If there’s anything I’ve learned sitting across a table from Drive director Nicolas Winding Refn, it’s that people from Denmark have a dry sense of humor. I tried to convey it with a screeencap of his best troll face, but the experience reminded me of an infamous Cannes panel.
The Cliff’s Notes: Melancholia director Lars Von Trier was hit with a leading question about his nationality at the French film festival. Engaging this absurdity with facetious reply, the auteur pretended to sympathize with Hitler. Von Trier has adamantly described the event as being a case of his Danish sense of humor doing him in. I have to say that I also sympathize.
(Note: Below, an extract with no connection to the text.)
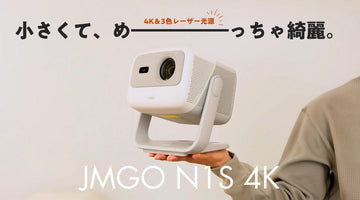 ホームプロジェクターの決定版⌇JMGOの新作「N1S 4K」の魅力をご紹介します
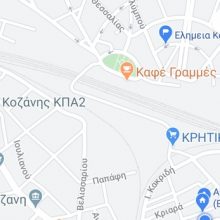 image-294348 kozan.gr: Παράπονα αναγνώστη για τη μη πρόσβαση από την πλευρά του ΟΣΕ προς τα Πλατάνια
With Von Trier, not Hitler. As a resident of Boston I sometimes find myself entangled when jesting across state lines. (Just imagine someone from The Departed having a conversation with your grandmother). Lars Von Trier has already been banned from the festival, but now also faces charges. In response, the filmmaker has chosen take a vow of silence. Read on for details…
[Via The Playlist]The Danish police, immune to Danish humor, are investigating whether Lars Von Trier has broken French laws by justifying war crimes. Even taking his comments literally, this is a hard sell, but the controversy has provoked the director to shut his trap once and for all. In a final statement, Von Trier has announced that he will no longer speak to the press or take interviews from this day forth, opting for self preservation over freedom of speech.
Today at 2 pm I was questioned by the Police of North Zealand in connection with charges made by the prosecution of Grasse in France from August 2011 regarding a possible violation of prohibition in French law against justification of war crimes. The investigation covers comments made during the press conference in Cannes in May 2011. Due to these serious accusations I have realized that I do not possess the skills to express myself unequivocally and I have therefore decided from this day forth to refrain from all public statements and interviews. Lars von Trier, Avedøre, 5. October 2011.
Lars Von Trier is currently preparing to make Nymphomaniac, a film that will reportedly feature graphic sex scenes and chronicle the sexual journey of a woman from age zero to fifty. The intention is that multiple versions of it will be cut, with a more daring flavor exclusive to DVD. I guess you can silence the man but never his work.